Exercise directions —
In the data below, find the line containing "COMGEMEL_ET's tweet photo." and the line containing "- fotoğraf 3", then reproduce them and every line between, exactly. Omit pictures.

[[ Provided entries, beginning ]]

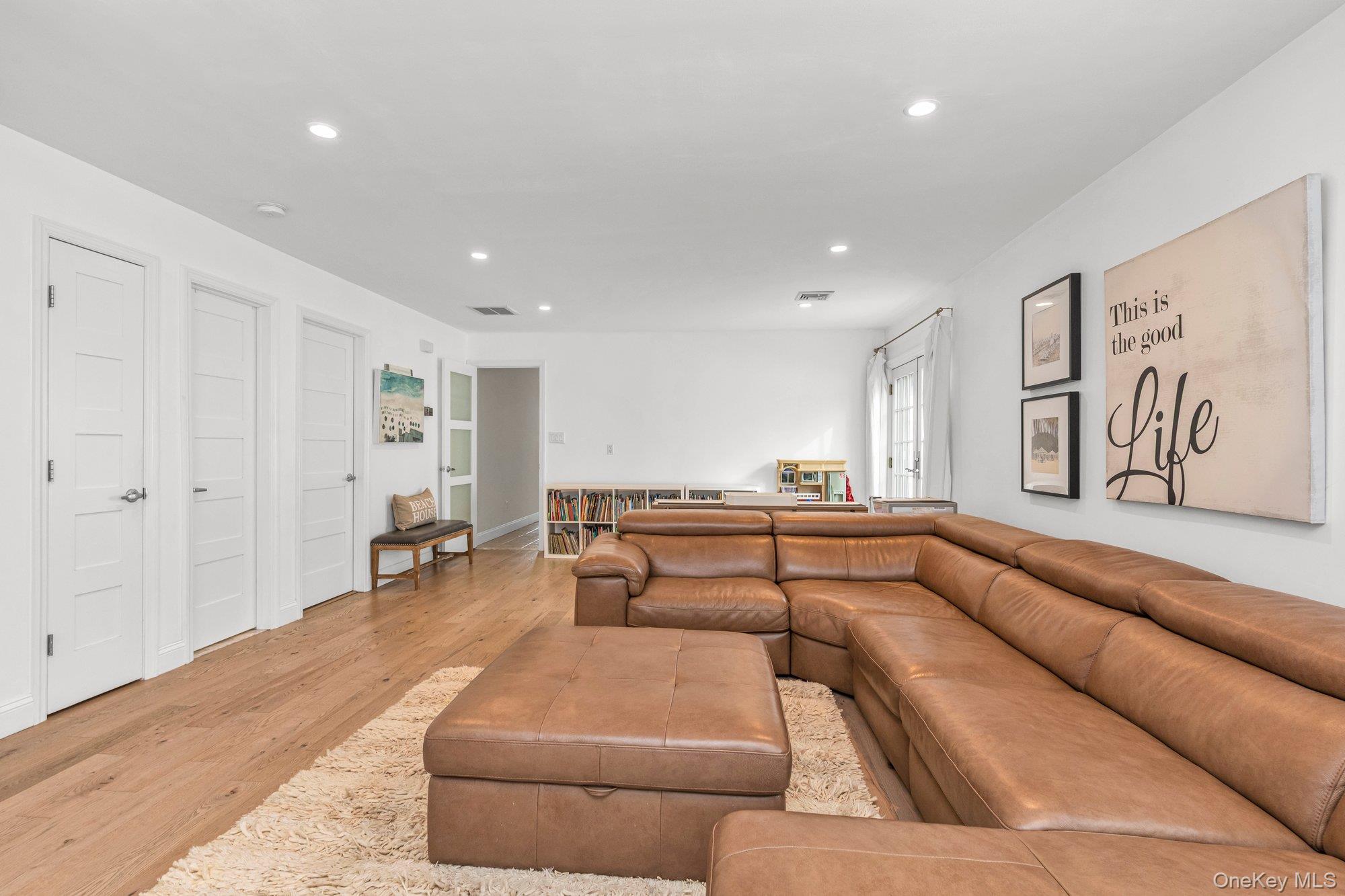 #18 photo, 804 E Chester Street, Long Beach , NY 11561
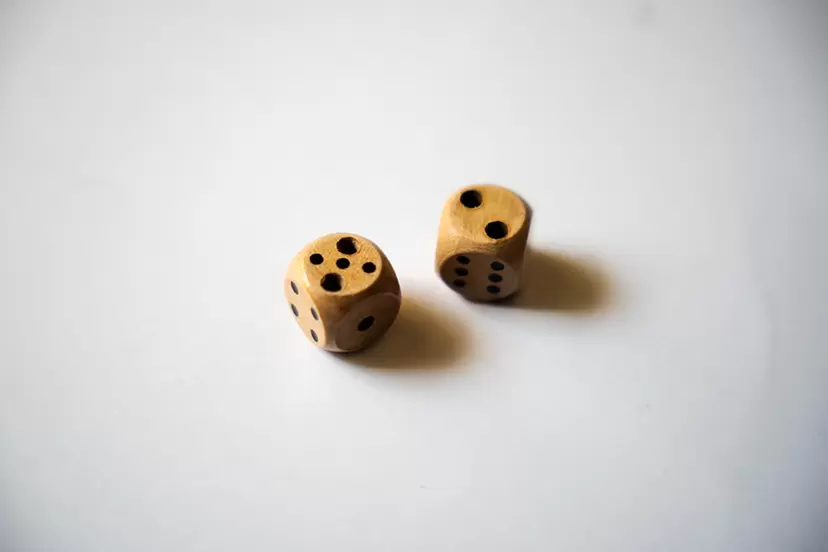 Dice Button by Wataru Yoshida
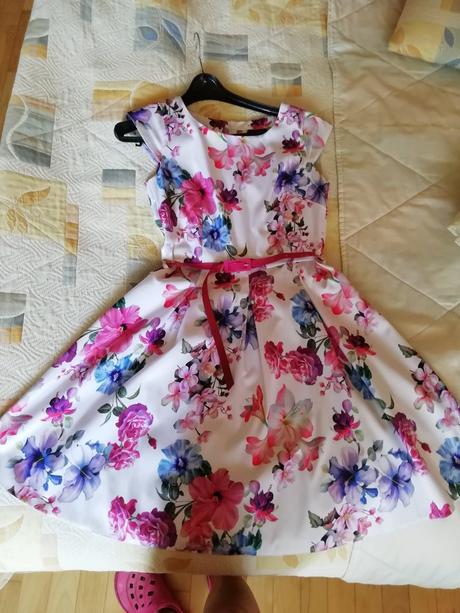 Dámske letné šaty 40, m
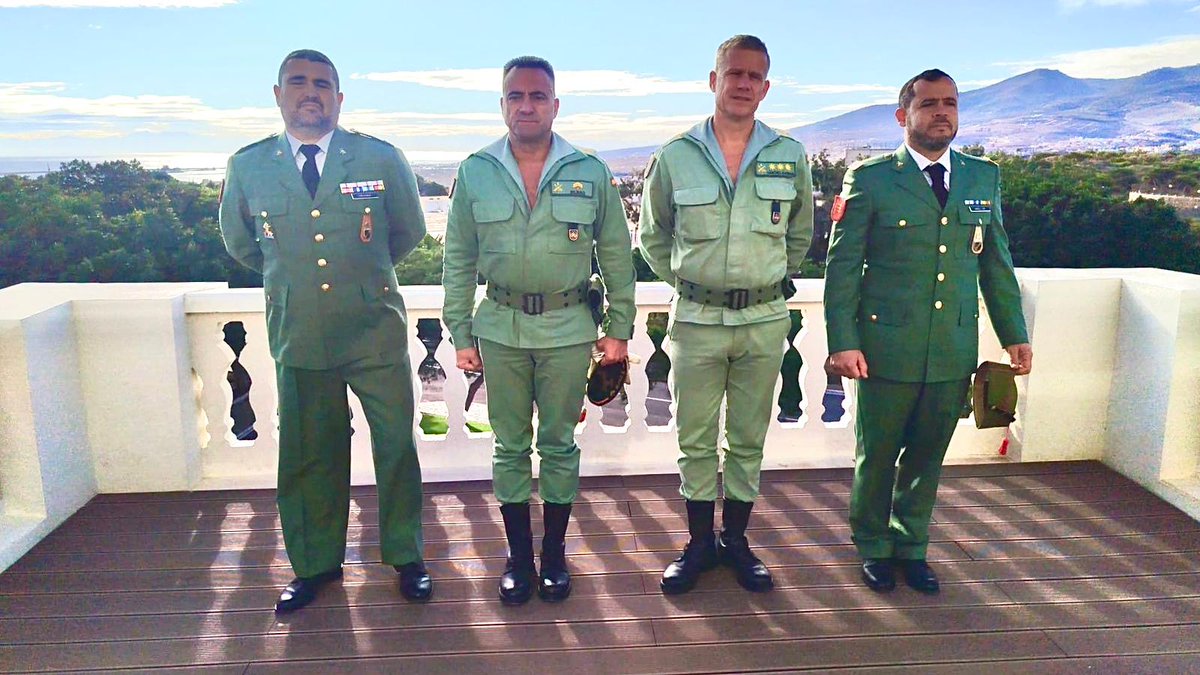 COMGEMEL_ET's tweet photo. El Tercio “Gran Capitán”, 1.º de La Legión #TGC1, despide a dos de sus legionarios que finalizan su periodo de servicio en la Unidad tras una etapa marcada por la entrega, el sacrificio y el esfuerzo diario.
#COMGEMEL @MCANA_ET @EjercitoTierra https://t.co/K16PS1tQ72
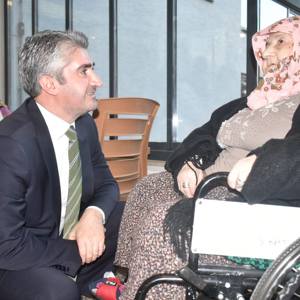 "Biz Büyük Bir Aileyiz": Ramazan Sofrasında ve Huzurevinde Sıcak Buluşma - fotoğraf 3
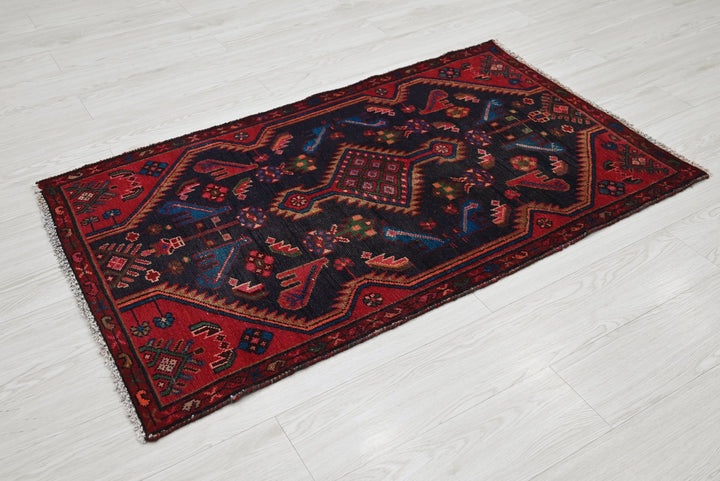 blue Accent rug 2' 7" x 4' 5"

[[ Provided entries, end ]]

The answer —
 COMGEMEL_ET's tweet photo. El Tercio “Gran Capitán”, 1.º de La Legión #TGC1, despide a dos de sus legionarios que finalizan su periodo de servicio en la Unidad tras una etapa marcada por la entrega, el sacrificio y el esfuerzo diario.
#COMGEMEL @MCANA_ET @EjercitoTierra https://t.co/K16PS1tQ72
 "Biz Büyük Bir Aileyiz": Ramazan Sofrasında ve Huzurevinde Sıcak Buluşma - fotoğraf 3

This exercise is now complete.